_Dataset extract_:

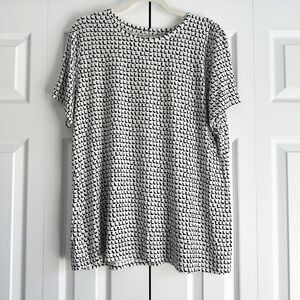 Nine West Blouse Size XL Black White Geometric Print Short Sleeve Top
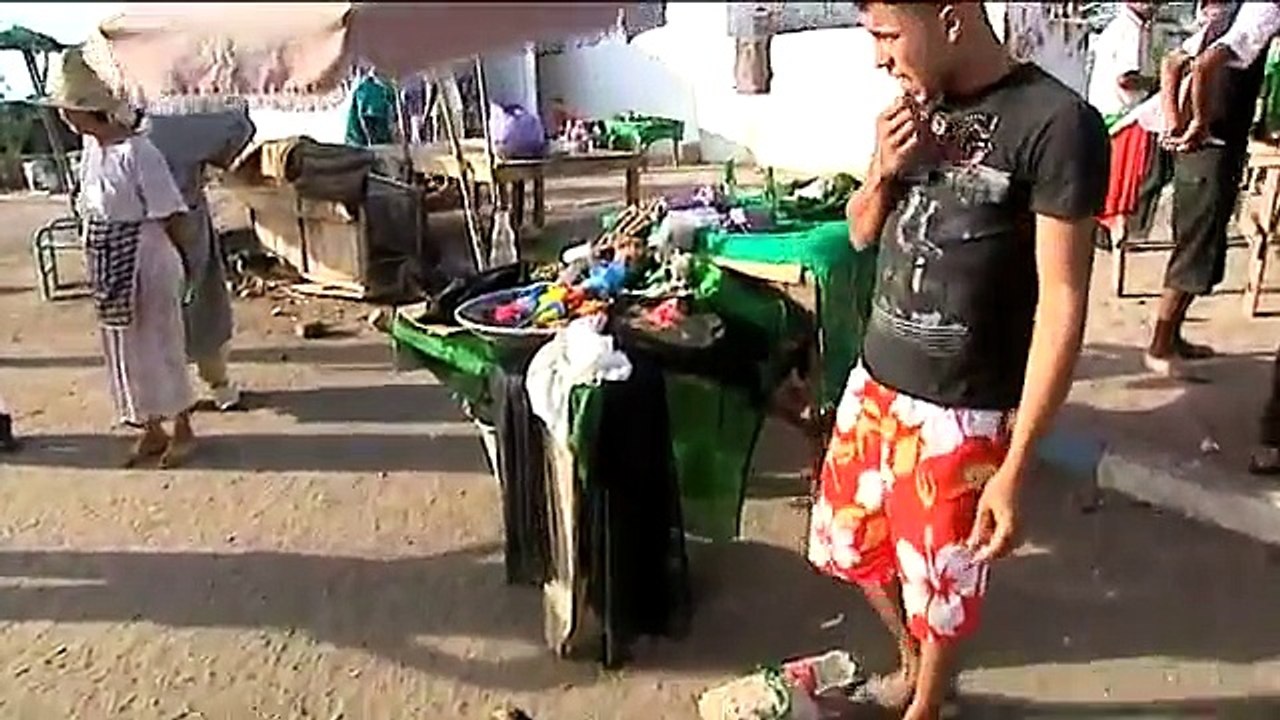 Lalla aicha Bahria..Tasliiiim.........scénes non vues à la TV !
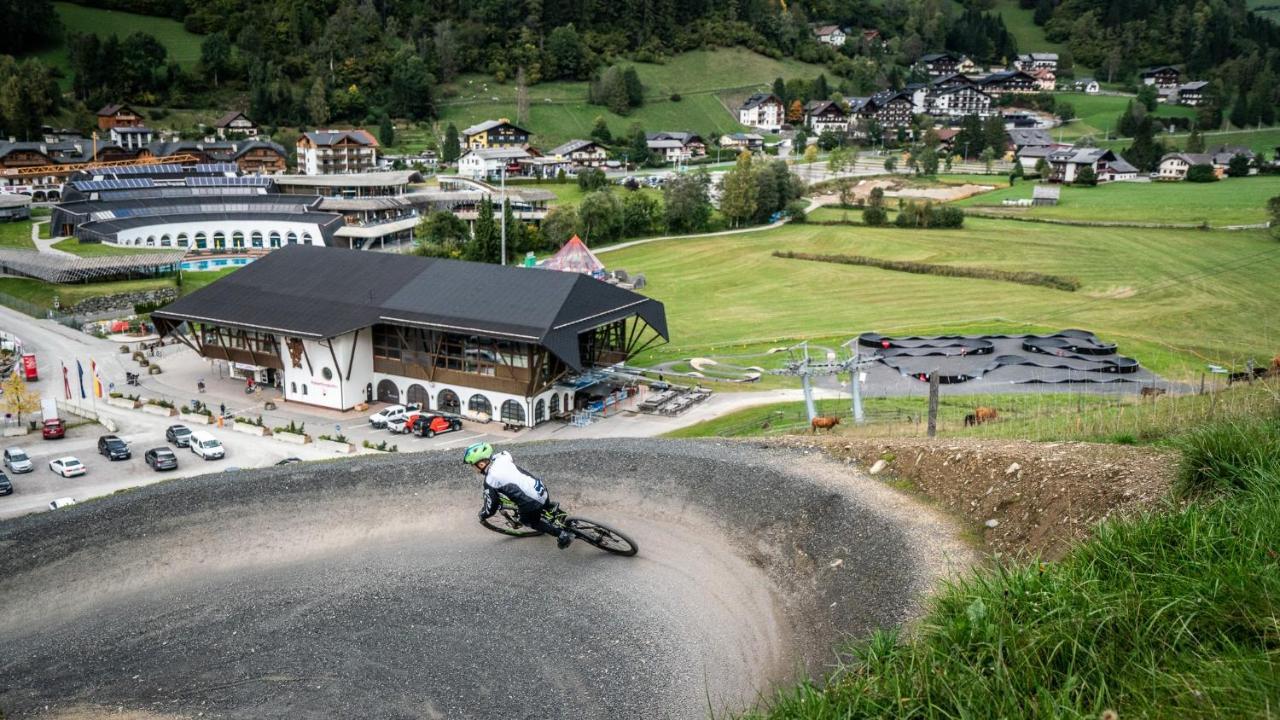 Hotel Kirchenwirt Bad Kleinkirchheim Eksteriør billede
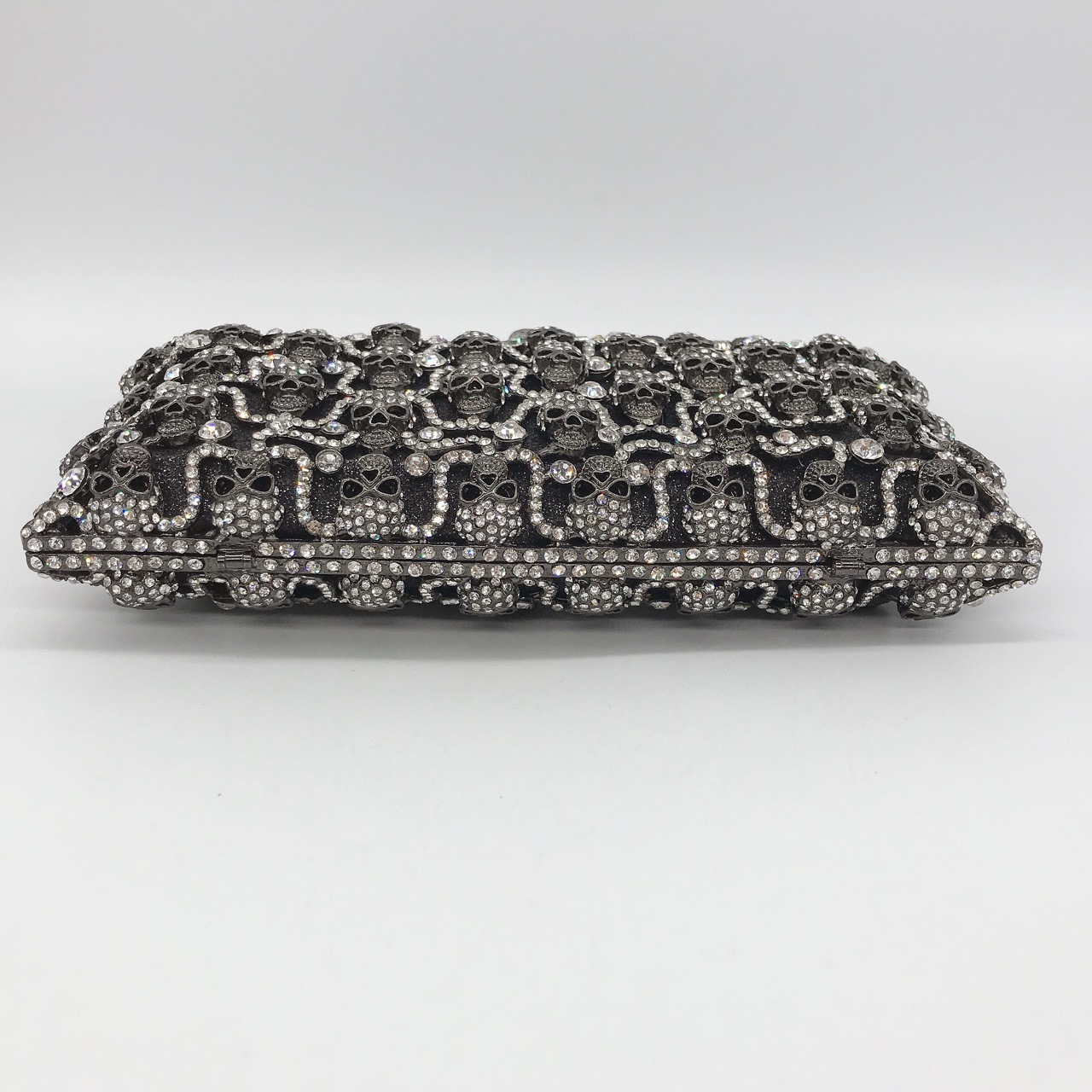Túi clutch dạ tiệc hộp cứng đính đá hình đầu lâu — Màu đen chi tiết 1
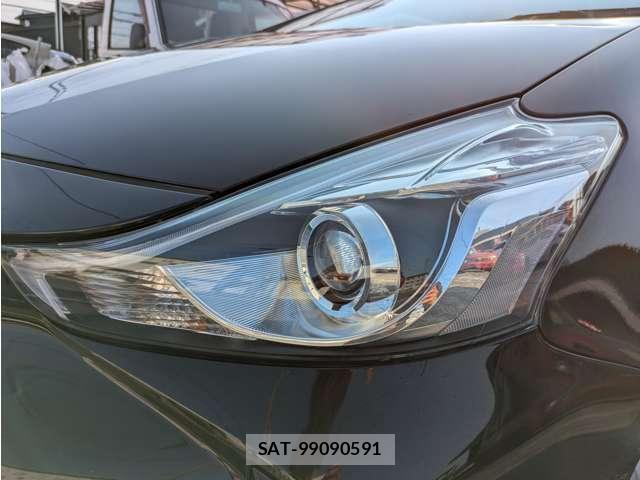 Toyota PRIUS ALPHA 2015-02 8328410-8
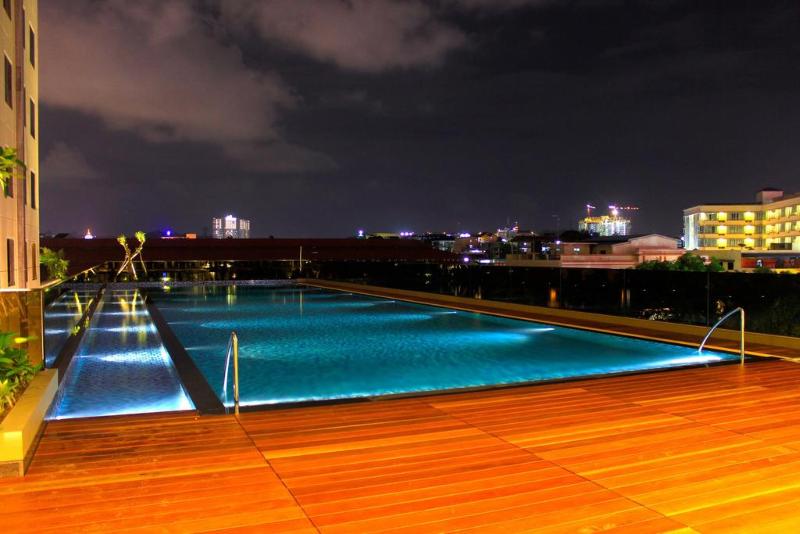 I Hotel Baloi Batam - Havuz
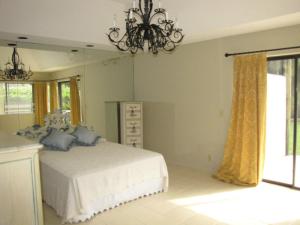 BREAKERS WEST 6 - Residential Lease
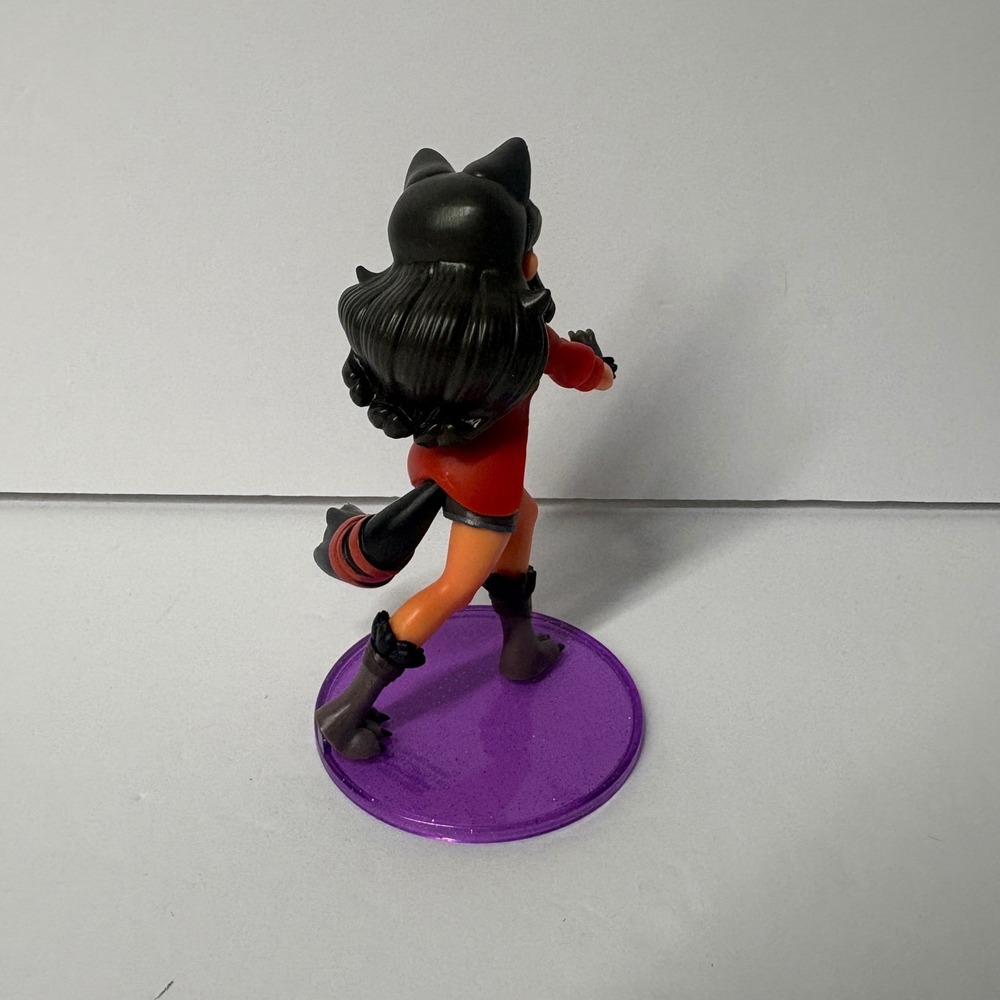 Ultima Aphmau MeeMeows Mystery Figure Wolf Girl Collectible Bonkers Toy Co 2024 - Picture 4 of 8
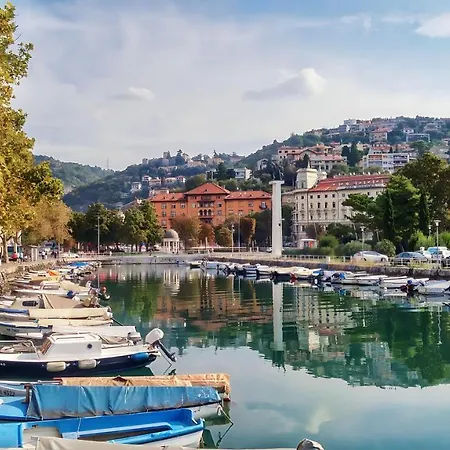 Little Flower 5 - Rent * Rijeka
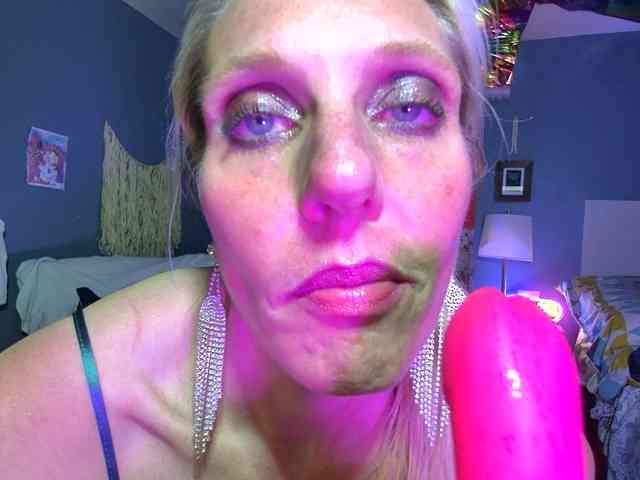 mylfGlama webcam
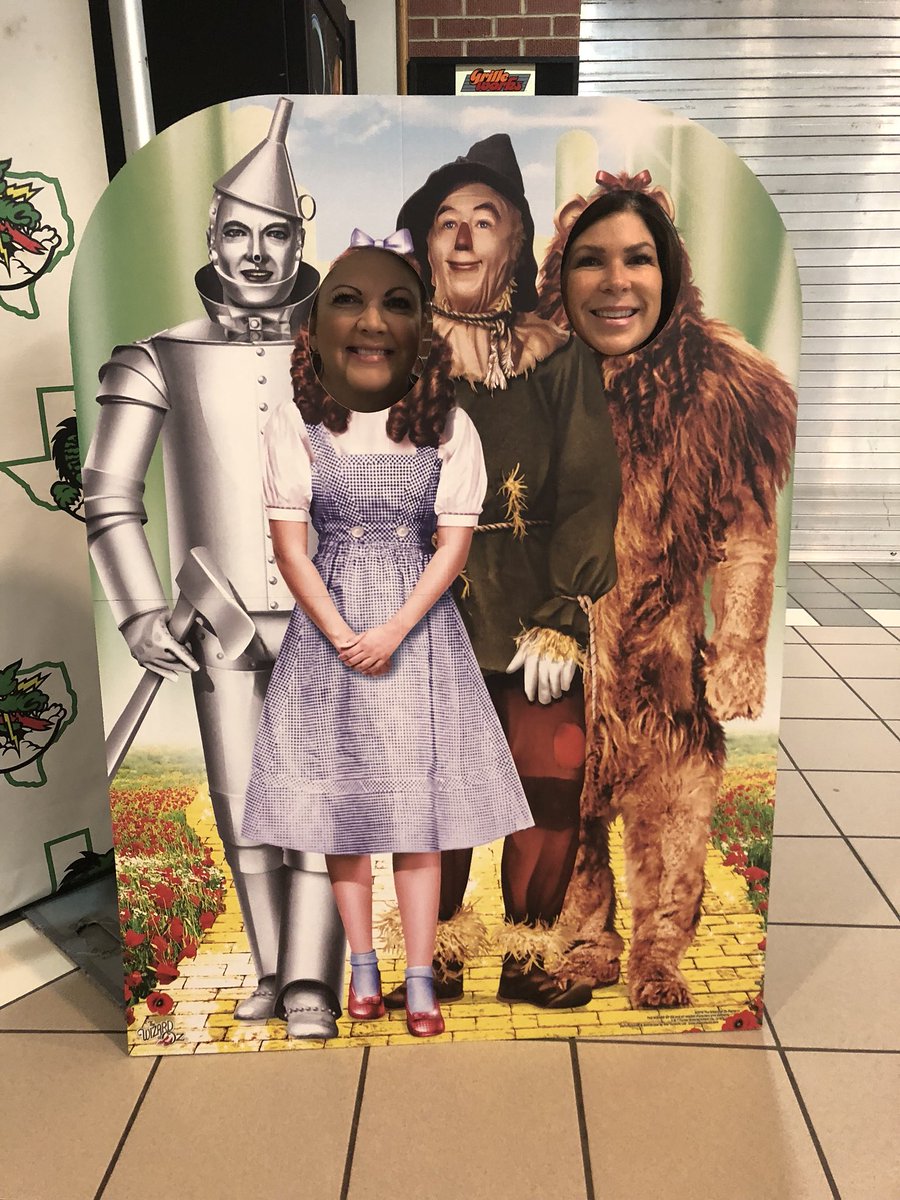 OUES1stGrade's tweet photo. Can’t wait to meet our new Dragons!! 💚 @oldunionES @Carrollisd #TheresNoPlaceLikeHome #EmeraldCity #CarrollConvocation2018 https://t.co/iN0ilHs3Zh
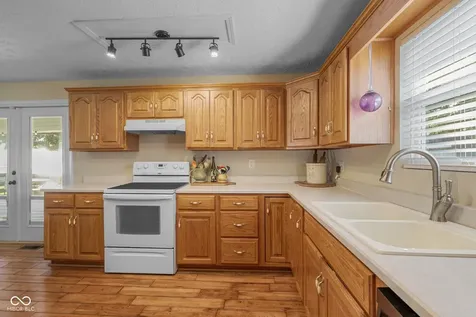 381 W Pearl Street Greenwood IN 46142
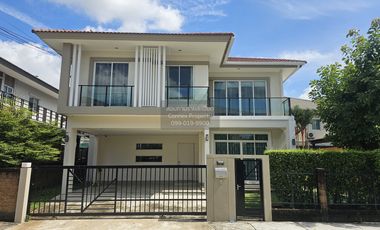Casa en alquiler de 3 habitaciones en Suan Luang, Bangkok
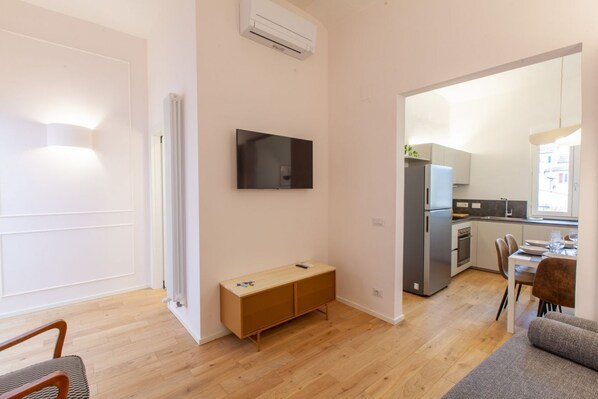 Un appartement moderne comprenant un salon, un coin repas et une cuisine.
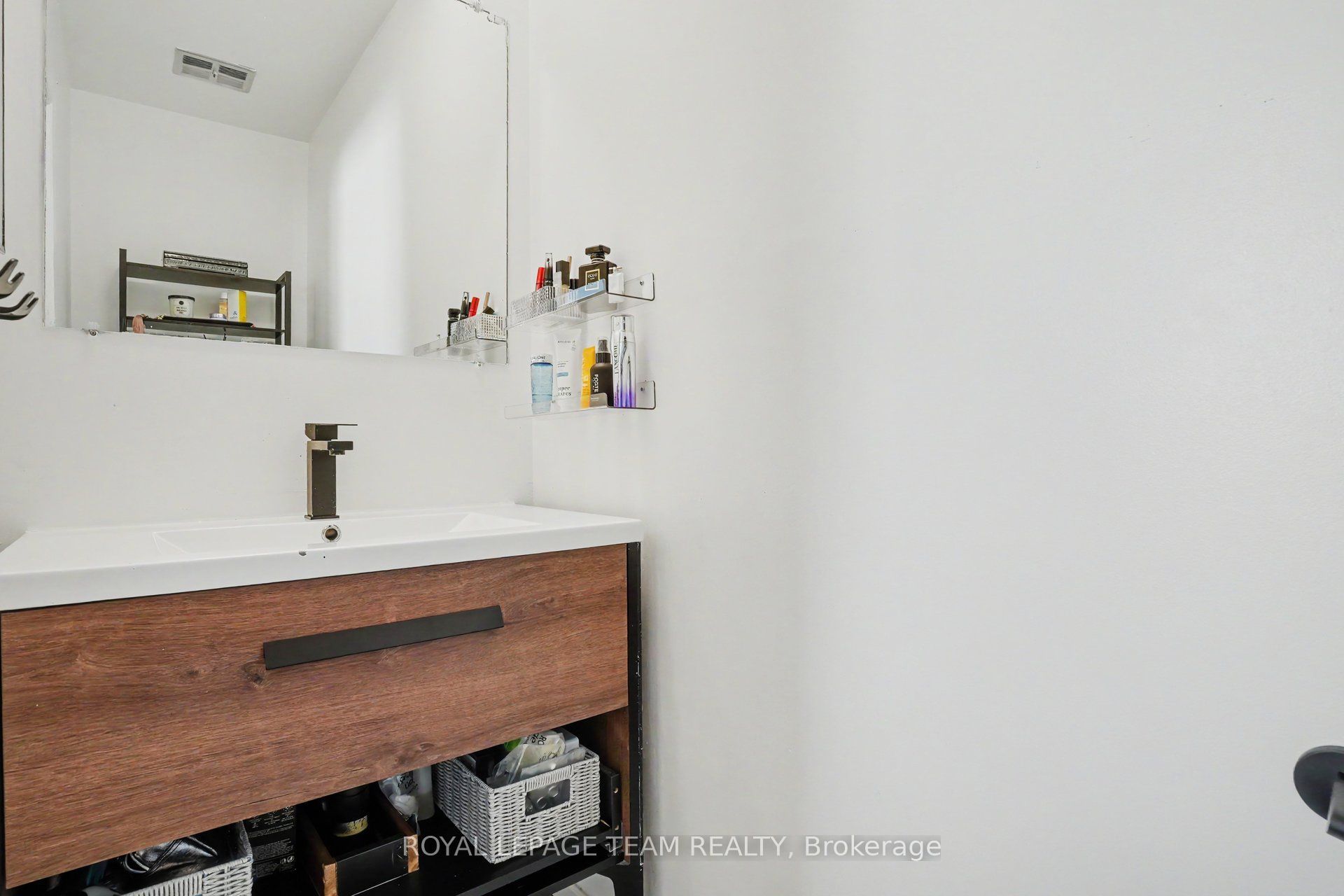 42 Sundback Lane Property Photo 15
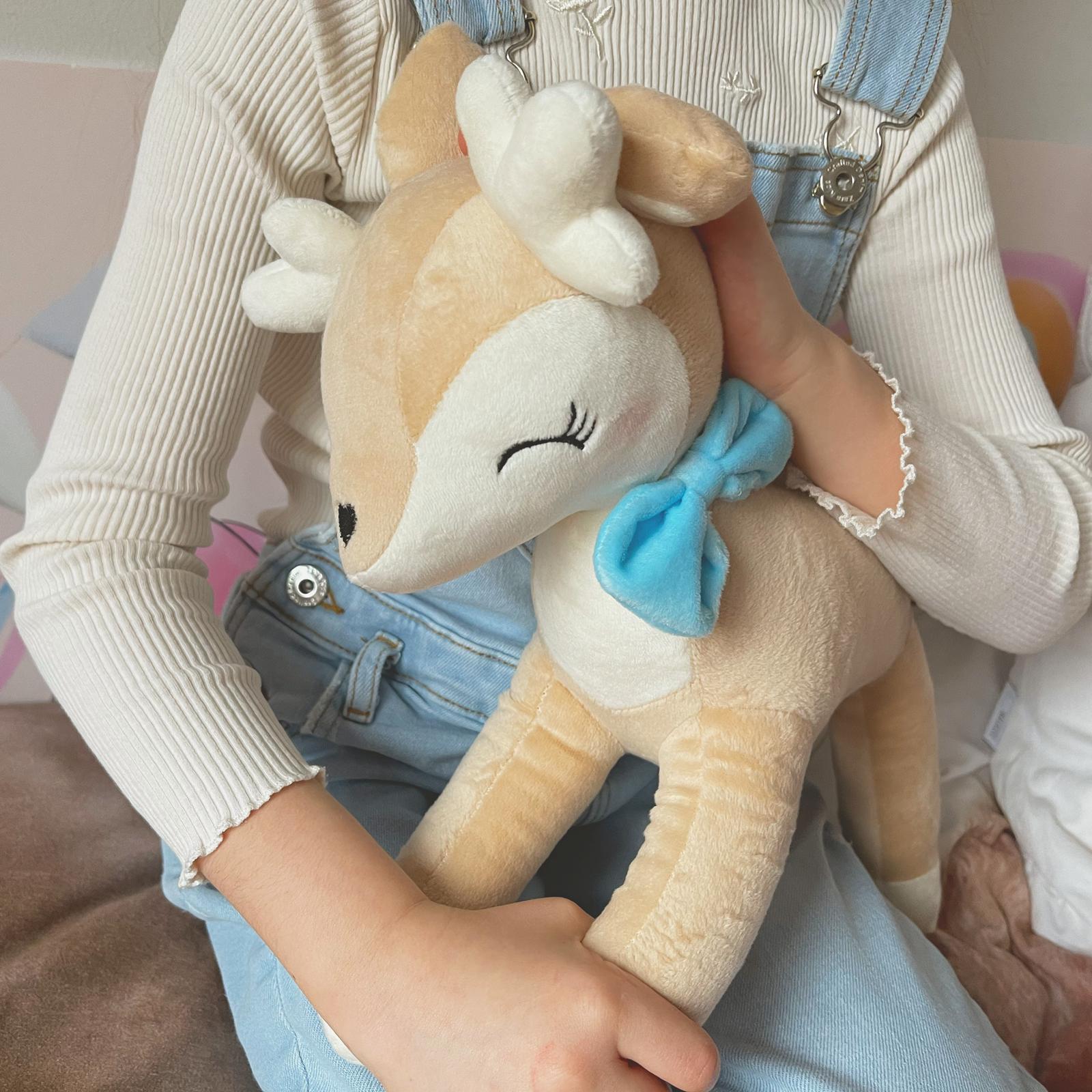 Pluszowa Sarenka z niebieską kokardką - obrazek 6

_What is needed_: Would you restate word for word each line from the one that holds "I Hotel Baloi Batam - Havuz" to the end of the material, both ends included, without the pictures?

_Answer space_:
 I Hotel Baloi Batam - Havuz
 BREAKERS WEST 6 - Residential Lease
 Ultima Aphmau MeeMeows Mystery Figure Wolf Girl Collectible Bonkers Toy Co 2024 - Picture 4 of 8
 Little Flower 5 - Rent * Rijeka
 mylfGlama webcam
 OUES1stGrade's tweet photo. Can’t wait to meet our new Dragons!! 💚 @oldunionES @Carrollisd #TheresNoPlaceLikeHome #EmeraldCity #CarrollConvocation2018 https://t.co/iN0ilHs3Zh
 381 W Pearl Street Greenwood IN 46142
Casa en alquiler de 3 habitaciones en Suan Luang, Bangkok
 Un appartement moderne comprenant un salon, un coin repas et une cuisine.
 42 Sundback Lane Property Photo 15
 Pluszowa Sarenka z niebieską kokardką - obrazek 6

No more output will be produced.